Shape memory alloy (SMA) is capable of memorizing and regaining its original shape after being heated over its phase transformation temperature. Due to this so-called shape memory effect, SMAs are widely used as actuators in engineering. Over the last decade, with the development of SMA thin film technology, SMA has been used in MEMS devices like micro-grippers, micro-valves, and micro-pumps. For most applications, SMAs usually undergo arbitrary thermal and mechanical loadings, which lead to complex responses of SMAs. However, current SMA constitutive models mostly consider the response of SMA under an independent thermal or mechanical loading, only several models take proportional thermal-mechanical loading into account. Therefore, in order to further explore the application of SMA in MEMS, one great challenge is to predict the complex response of SMAs accurately under various thermal-mechanical loadings. As a result, this paper aims to develop a constitutive model capable of depicting responses of SMAs under arbitrary thermal-mechanical loading.
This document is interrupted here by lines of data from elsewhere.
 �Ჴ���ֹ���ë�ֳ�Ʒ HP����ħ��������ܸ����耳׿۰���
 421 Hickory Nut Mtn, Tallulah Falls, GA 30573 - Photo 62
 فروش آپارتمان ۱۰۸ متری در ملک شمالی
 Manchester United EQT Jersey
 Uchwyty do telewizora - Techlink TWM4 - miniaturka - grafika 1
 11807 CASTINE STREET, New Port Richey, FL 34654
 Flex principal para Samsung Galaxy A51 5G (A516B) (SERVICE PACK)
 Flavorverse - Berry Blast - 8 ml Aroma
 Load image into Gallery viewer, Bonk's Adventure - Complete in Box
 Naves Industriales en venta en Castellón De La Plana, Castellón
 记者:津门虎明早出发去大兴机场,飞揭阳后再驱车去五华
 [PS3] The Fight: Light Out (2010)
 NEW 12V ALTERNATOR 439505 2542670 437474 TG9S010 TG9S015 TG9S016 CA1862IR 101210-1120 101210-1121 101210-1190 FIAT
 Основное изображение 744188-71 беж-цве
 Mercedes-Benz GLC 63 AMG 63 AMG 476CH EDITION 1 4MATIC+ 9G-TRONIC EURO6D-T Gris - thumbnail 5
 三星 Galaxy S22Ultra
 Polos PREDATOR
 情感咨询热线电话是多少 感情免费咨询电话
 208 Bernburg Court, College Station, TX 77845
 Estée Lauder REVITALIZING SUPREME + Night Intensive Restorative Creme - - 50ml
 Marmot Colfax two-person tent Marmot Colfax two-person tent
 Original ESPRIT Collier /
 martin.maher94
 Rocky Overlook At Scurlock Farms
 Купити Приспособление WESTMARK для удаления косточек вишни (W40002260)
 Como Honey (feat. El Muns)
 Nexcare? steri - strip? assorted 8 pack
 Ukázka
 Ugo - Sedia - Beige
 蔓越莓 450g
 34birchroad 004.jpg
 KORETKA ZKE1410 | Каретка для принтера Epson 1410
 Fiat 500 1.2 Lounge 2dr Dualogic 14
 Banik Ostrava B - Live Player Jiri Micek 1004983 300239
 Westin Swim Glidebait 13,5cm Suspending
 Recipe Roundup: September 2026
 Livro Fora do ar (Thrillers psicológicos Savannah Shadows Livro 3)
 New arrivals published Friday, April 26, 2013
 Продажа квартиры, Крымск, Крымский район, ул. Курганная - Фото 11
The model is based on a former proposed SMA constitutive model, which was developed to consider cyclic degradation of SMA subjected to repeated thermal-mechanical loading. New hardening function and transformation function with non-constant parameters were proposed in the model to consider the shifting of transformation boundaries under four arbitrary loadings: in-strip fluctuation, minor loop, full transformation loop, and elastic fluctuation. Corresponding identification procedures for these non-constant parameters were also introduced. Finally, to validate the proposed model, simulations of the superelastic and shape memory behaviors of SMA under arbitrary loading paths like in-strip fluctuation, minor loop, and full transformation loop were performed. Good correlation between simulations and experiments demonstrates the ability of the model to depict both superelastic and shape memory behaviors of SMA under arbitrary loading.